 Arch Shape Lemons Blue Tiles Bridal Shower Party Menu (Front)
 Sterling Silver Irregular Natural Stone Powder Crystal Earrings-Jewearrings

---

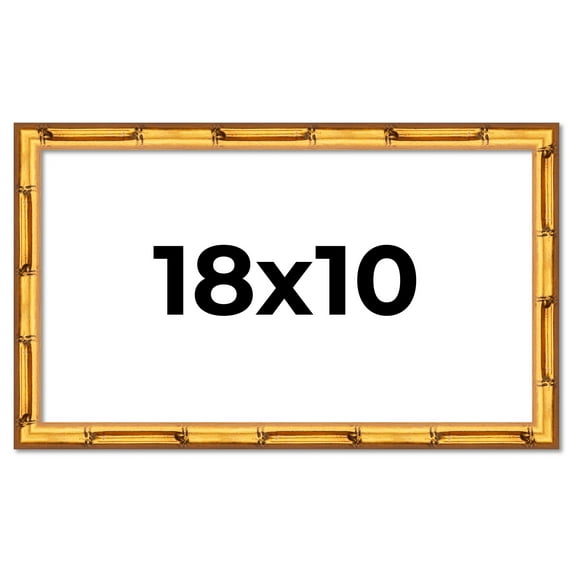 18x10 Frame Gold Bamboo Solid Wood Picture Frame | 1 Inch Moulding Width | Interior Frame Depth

• **About this exercise**: Retype exactly the lines of the data above that fall between the line with "Arch Shape Lemons" and the line with "Sterling Silver Irregular", inclusive, and add nothing.

• **Answer box**:
 Arch Shape Lemons Blue Tiles Bridal Shower Party Menu (Front)
 Sterling Silver Irregular Natural Stone Powder Crystal Earrings-Jewearrings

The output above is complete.